- Patients taking antipsychotics for schizophrenia who need to change medication have a lower risk for psychiatric hospitalization and emergency department (ED) visits if they initiate adjunctive treatment with an antidepressant instead of alternative psychotropic medications.
Why this matters
- The initiation of adjunctive benzodiazepines and mood stabilizers was associated with significantly higher rates of psychiatric hospitalization, ED visits, and mortality, suggesting clinicians should exercise caution in prescribing these medications adjunctively.

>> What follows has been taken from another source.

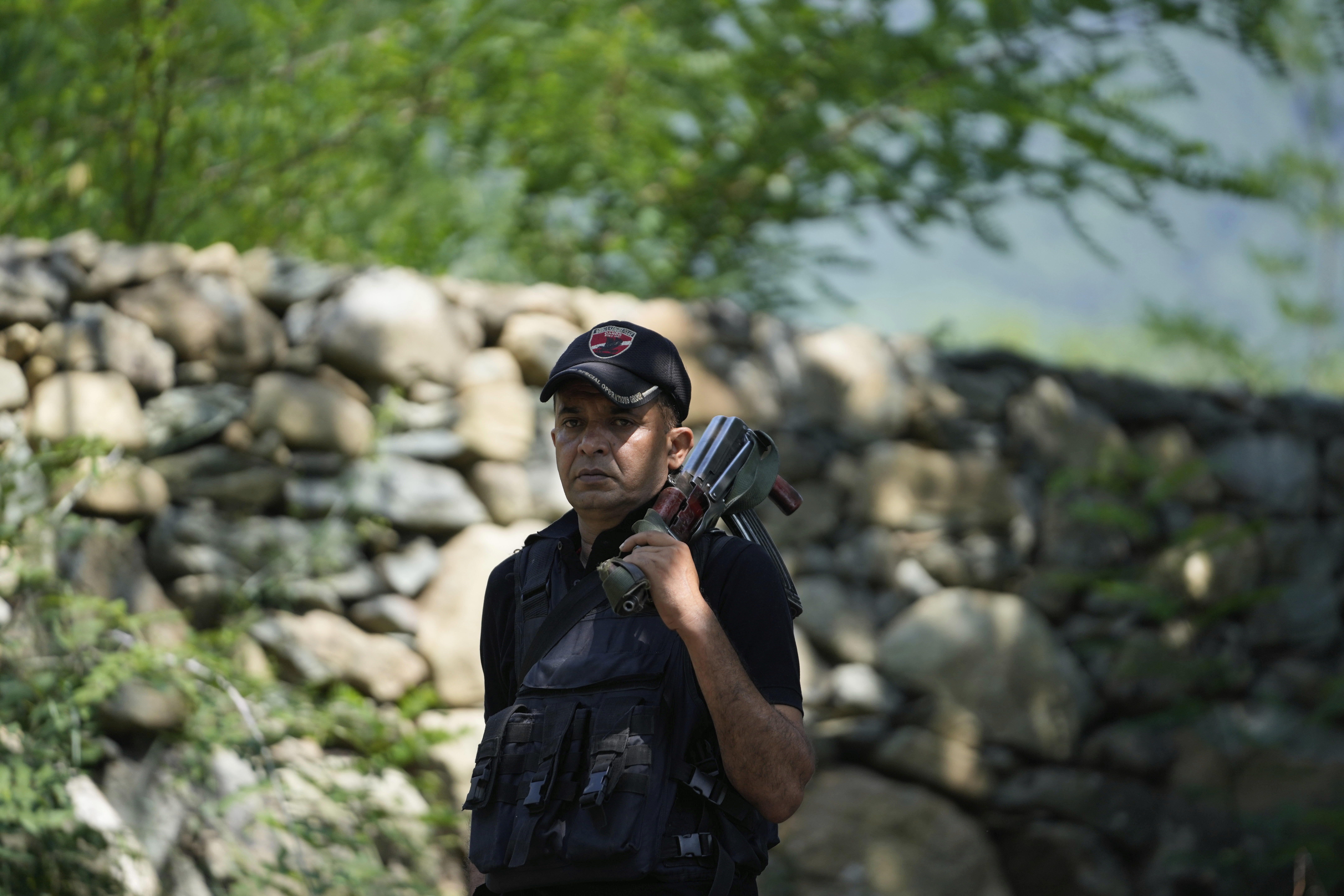 Jammu and Kashmir Special Operation Group (SOG) personnel guard near the site of a gun battle on the outskirts of Srinagar, Indian controlled Kashmir, Monday, July 28, 2025. (AP Photo/Mukhtar Khan)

- Study used data from US national Medicaid data from between January 2001 and December 2010 to evaluate 81,921 adult outpatients (age, 18-64 years) with schizophrenia who were stably treated with a single antipsychotic but required a change in pharmacotherapy.
- Patients initiated use of a new antidepressant (n=31,117), benzodiazepine (n=11,941), or mood stabilizer (n=12,849) or a new alternative antipsychotic (n=26,014).
- Funding: Patient-Centered Outcomes Research Institute.
- Patients initiating treatment with antidepressants vs a new antipsychotic had lower risk for hospitalization (aHR, 0.84; 95% CI, 0.80-0.88) and ED visit (aHR, 0.92; 95% CI, 0.89-0.96).
- Antidepressants vs a new antipsychotic use was associated with a lower risk for new-onset diabetes (aHR, 0.87; 95% CI, 0.79-0.96).
- Information regarding reason for change in medications not available.
- No data for actual medication ingestion.